Durch Dekret vom 21.2.1931 ernannte Papst Pius XI. den Berliner Domkapitular Dr. Franz Hartz zum Praelatus nullius von Schneidemühl, seine Inthronisation fand am 25.3.1931 in der Kirche zur Heiligen Familie in Schneidemühl statt. Als Wappenspruch wählte Hartz „Consilio et Constantia“ („Mit Rat und Festigkeit“). Die Freie Prälatur, die damals 134.000 Katholiken in 75 Pfarreien und zwölf Seelsorgestationen zählte, erlebte unter der Leitung von Hartz einen Aufschwung durch Neubauten von Kirchen, Caritasheimen, Bildung neuer Pfarreien, Ausbau und Festigung kirchlicher Organisationen. Als erster deutscher Oberhirte ordnete er die Feier sogenannter Betsingmessen an.

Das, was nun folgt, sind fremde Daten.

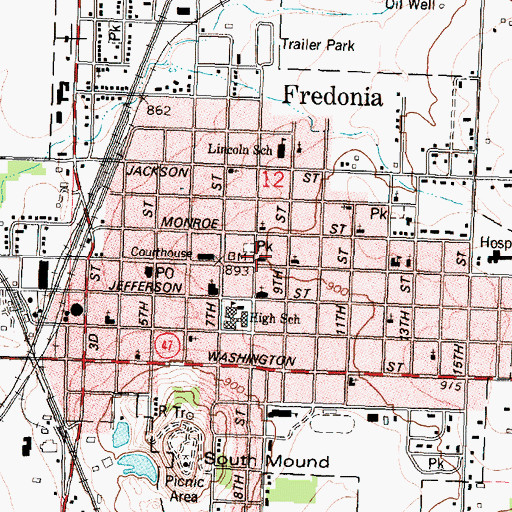 Topographic Map of Fredonia United Methodist Church, KS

In seiner biographischen Skizze über Hartz schreibt Hans-Jürgen Brandt, das NS-Regime habe „seinen Aktivitäten schon bald Grenzen“ gesetzt, doch sei es „dem klug taktierenden“ Prälaten gelungen, „die herkömmliche Seelsorge aufrechtzuerhalten“. Über sein Verhältnis gegenüber dem Nationalsozialismus sind keine aussagekräftigen Quellen bekannt, die Schriften über sein Leben und Werk klammern diesen Aspekt aus oder beschönigen ihn. Ein Gegner des Regimes war er mutmaßlich nicht, und er fand 1934/1935 Aufnahme im „Deutsche[n] Führerlexikon“, das die damalige Prominenz in Text und Bild präsentierte. Auf der anderen Seite konnte er offenbar manchen vom NS-Regime verfolgten Priestern der Prälatur helfen oder erreichen, dass verhängte Strafen gemildert wurden.
Vor dem Einmarsch der Russen verließ Prälat Hartz am 26.1.1945 Schneidemühl, teilweise zu Fuß, zunächst nach Demmin, und es wird berichtet, er habe nur sein Brevier retten können. Von Demmin gelangte er in den letzten Kriegswochen noch mit Hilfe der Wehrmacht nach Fulda, nach dessen Zerstörung lebte er vorübergehend in Hainzell. In Fulda, wo er ab Fronleichnam 1945 bis zu seinem Lebensende im Mutterhaus der Barmherzigen Schwestern lebte, pflegte er rege Kontakte zur früheren Schneidemühler Geistlichkeit. Im September 1948 hatte er Gelegenheit, Papst Pius XII. (Pontifikat 1939-1958), den er aus dessen Zeit als Nuntius in Berlin kannte, anlässlich einer Privataudienz im Vatikan über das Schicksal seines Sprengels zu berichten. 1949 trat Hartz das Amt des Päpstlichen Beauftragten für die Seelsorge der Heimatvertriebenen an, zugleich das des Beauftragten der deutschen Bischofskonferenz für Flüchtlingsangelegenheiten. Beiden Aufgaben ging er in den folgenden Jahren mit großem Einsatz nach. Auf seine Anregung ging etwa die Schaffung eines zentralen katholischen Kirchenbuchamtes für die Heimatvertriebenen sowie die vorläufige Versorgung der ostvertriebenen Kirchenpensionäre aus dem geistlichen und Laienstand zurück. In der Diözese Fulda half er durch die Übernahme von Firmreisen, besonders in der Diaspora. Seinen unermüdlichen Einsatz würdigte Papst Pius XII. 1951 durch die Verleihung des Titels „Hochwürdigste Exzellenz“.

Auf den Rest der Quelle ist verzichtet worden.